Por Santiago Nogueira | twitter: @santingr
Ya todo el mundo sabe y tiene acaso una comprensión avanzada respecto a
cómo se han ido transformando las maneras en que damos respuestas a nuestras
necesidades básicas. Progresivamente nuestra vivencia puede ser emparentada con
la realización de una intervención artística. Como todo fenómeno social,
algunos lo disfrutan, otros lo sufren, algunos lo desean, otros lo desprecian.
En ese arco de actividades, mi karma es cortar el pelo. Cuando niño,
era fácil: acataba las órdenes de mamá y papá. El ingreso a la adolescencia fue
una disputa y, en consecuencia, solo el cambio de responsable de tijeras era lo
que permanecía (y deseaba) en el tiempo de modo incondicional. Luego de un
lapso, incluso llegué a tomar las riendas de la situación y ser mi propio
Fígaro. Al día de la fecha, esta permanente búsqueda y alternancia de espacios
debe ser de lo poco que me queda de adolescencia esencial.
Las peluquerías ya no son lo que eran.
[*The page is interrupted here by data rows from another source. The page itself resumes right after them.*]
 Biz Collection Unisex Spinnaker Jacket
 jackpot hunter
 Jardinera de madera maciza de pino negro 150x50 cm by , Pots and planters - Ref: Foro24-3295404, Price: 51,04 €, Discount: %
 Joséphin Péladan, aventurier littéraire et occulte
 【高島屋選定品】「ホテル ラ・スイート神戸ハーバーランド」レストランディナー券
Ahora son estudios de cabello,
diseño capilar, espacios estilísticos y otras variaciones meramente de
nominación. Ya no hay fotos de tu equipo campeón fijas en las paredes, todo
pretende ser un espacio futurista donde no hay lugar para el presente: estar a
la moda es estar de paso. Todo esto nos incomoda, a nosotros, los
funcionalistas. Los que queremos cortarnos el pelo y nada más. Los que
entendemos que el pelo, como mucho, puede ser el campo de expresión de una
emoción violenta: alegría, tristeza, odio... una promesa quizás.
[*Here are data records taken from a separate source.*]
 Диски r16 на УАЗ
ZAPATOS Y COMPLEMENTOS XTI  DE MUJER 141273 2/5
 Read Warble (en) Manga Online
Mientras algunos permanecen en las tareas de seguir consolidando y
expandiendo nuevos (absurdos) terrenos para desplegar los yoes del mundo que
se despreocupan por las inconsistencias antropológicas del proceso, otros buscamos
una peluquería propiamente dicha. En otras palabras, buscamos un sentido que
trascienda a las velas que se apagan en nuestras tortas de cumpleaños.